Dzisiaj na wolnych parcelach powstają apartamentowce, w budynkach po XIX – wiecznej fabryce papieru zbudowane zostały luksusowe lofty. Ze względu na lokalizację ( ścisłe centrum, blisko do rynku i tereny spacerowe wzdłuż rzeki) nieruchomości te osiągają niebotyczne wprost ceny.
Nowi lokatorzy to ludzie zamożni. 80 metrowe mieszkanie wraz z miejscem lub dwoma miejscami parkingowymi kosztuje tyle, a może nawet więcej niż dom na obrzeżach Wrocławia.
Na niewielkim terenie stykają się teraz dwa światy. Nowy świat pięknych apartamentów wyposażonych w klimatyzacje, elektrycznie opuszczane rolety, podziemne garaże, luksusowe limuzyny i drogie motocykle.
I stary świat o zapachu moczu, grzyba przeżerającego ściany, skrzypiących schodów sprawiających wrażenie, że zaraz się rozsypią i wspólnych toalet na półpiętrach.

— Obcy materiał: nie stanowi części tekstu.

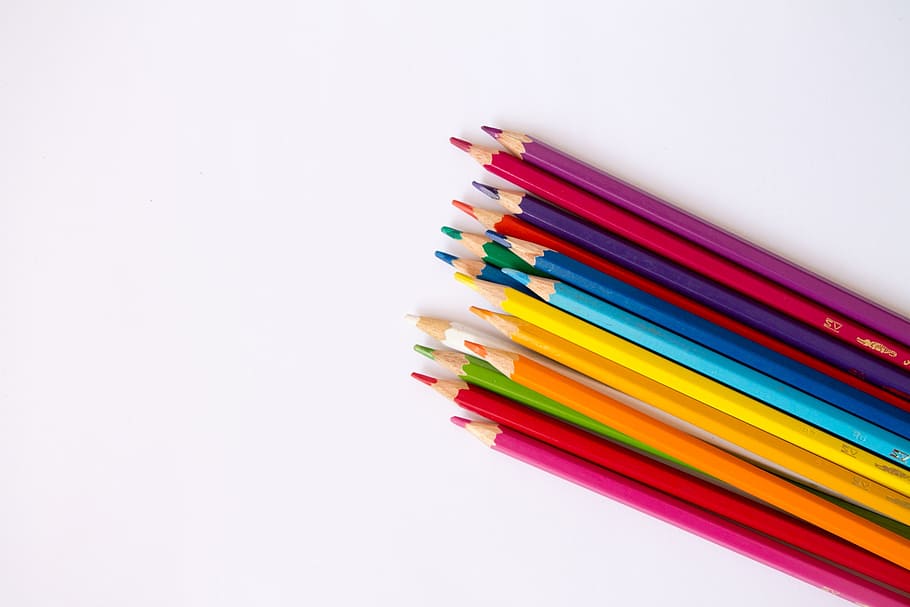 assorted-color color pencils, design, creative, decoration, green, HD wallpaper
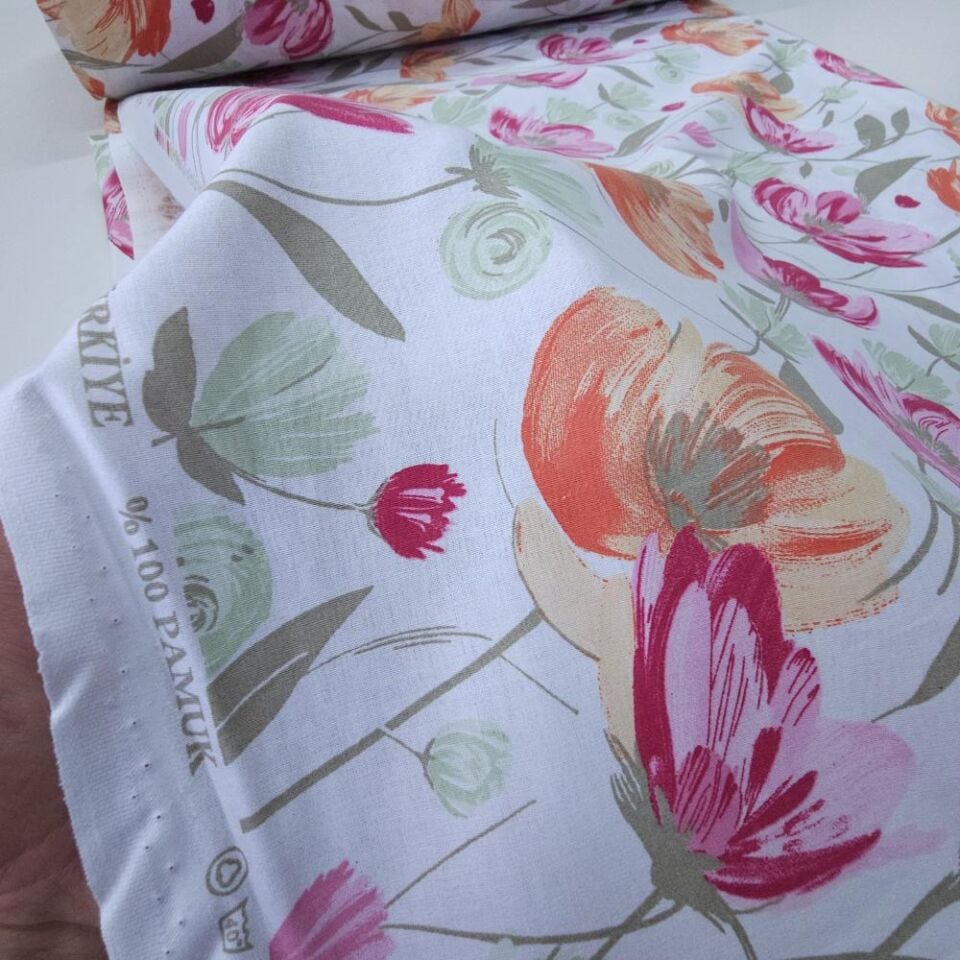 Zambak Desen Poplin Kumaş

17 komentarzy do “WROCŁAW, historia jednej okolicy”
Cieszę się, że zrobiłaś wpis z tego miejsca. Pewnie jeszcze długo będzie można je oglądać w pokazanych przez Ciebie stanie.
Idą zmiany na lepsze, ale są one bardzo powolne. Przybywa nowych budynków, a śmieci jakby wciąż tyle damo co przed laty.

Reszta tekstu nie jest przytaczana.